Hartheim fut, de mai 1940 à août 1941, l’un des six centres de gazage des handicapés physiques et mentaux répartis sur le territoire du Reich (« Aktion T4 », en référence à l’adresse berlinoise de l’administration de l’opération, Tiergartenstrasse 4). Le gaz était le monoxyde de carbone. Dès le lendemain de l’arrêt général de la procédure, décidé à Berlin, les équipements et le personnel restant disponibles, furent transportés au château, depuis Dachau et surtout Mauthausen, des concentrationnaires sélectionnés pour la mort, qu’on laissait croire à un transfert au « sanatorium de Dachau ». Cependant, le premier convoi « 14f13 », le 11 août 1941, fut constitué de 70 jeunes juifs hollandais qui venaient d’arriver à Mauthausen, donc gazés en tant que juifs, près de six mois avant la conférence de Wannsee où fut décidée l’extermination des juifs (« Aktion Reinhard »). Pour les gazages de masse, dans les centres de mise à mort situés en territoire polonais, on retrouve des « cadres » formés à Hartheim : en particulier Franz Stangl, en poste à Sobibor avant de prendre le commandement de Treblinka ; Christian Wirth, commandant du camp de Belzec, puis inspecteur général des centres de mise à mort. 

À Mauthausen, la construction d’une chambre à gaz fut entreprise à l’automne 1941. Elle fut mise en activité en mai 1942. C’était une pièce aveugle, de petite capacité (on y entassait une soixantaine de personnes), camouflée en salle de douche, comprenant deux portes qui ne s’ouvraient que de l’extérieur. Dans un local contigu, était généré le gaz (Zyklon B) qui était introduit dans la chambre à gaz par un tuyau fendu sur un mètre de long, face au mur. Les dernières opérations y eurent lieu le 29 avril 1945 – tout derniers gazages effectués par les nazis.

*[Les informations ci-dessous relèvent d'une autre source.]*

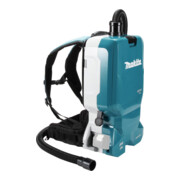 Aspirateur à dos sans fil Makita 2x18V DVC665ZU-5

Gazage dans des véhicules roulants. Le conducteur manœuvrait en roulant l’extracteur des gaz d’échappement pour les introduire dans le camion. Par la suite, on utilisa des véhicules équipés de cellules étanches pour les victimes et des bouteilles de gaz de monoxyde de carbone embarquées. Plus tard encore, dans des véhicules spécialement équipés, commandés par la SS auprès d’une entreprise extérieure, fut utilisé le gaz Zyklon B. Le véhicule circulait notamment entre le camp central et Gusen, partait de l’un des camps, jusqu’au crématoire de l’autre.

Des gazages occasionnels eurent lieu aux camps de Gusen I et Gusen II – et aussi à Mauthausen –, à plusieurs reprises, dans des baraques rendues étanches (à Gusen, le Zyklon B a été testé dans le Block 16, en mars 1942, soit deux mois avant la mise en service de la chambre à gaz de Mauthausen) et au Revier (Block 31) de Gusen en avril 1945.

Statistiques. La connaissance du nombre précis des victimes des gazages est impossible : les archives parfois manquent ou sont falsifiées, les détenus étaient parfois assassinés sans avoir été immatriculés. Serge Choumoff (détenu à Mauthausen puis Gusen I d’avril 1943 à mai 1945) n’élude ni la difficulté ni la nécessité de quantifier : « on peut évaluer à 5 200 le nombre des détenus tués par gaz » à Mauthausen et Gusen, « 6 000 à 8 000 détenus de Mauthausen et Gusen gazés à Hartheim », dont la Revue d’histoire de la shoah (voir infra) assure qu’ils furent plus de 8 000. Ce chiffre ne prend pas en compte les gazés « T4 » – exactement 18 269 à Hartheim, ce qui fait du château le plus meurtrier des « centres d’euthanasie » de l’Allemagne nazie.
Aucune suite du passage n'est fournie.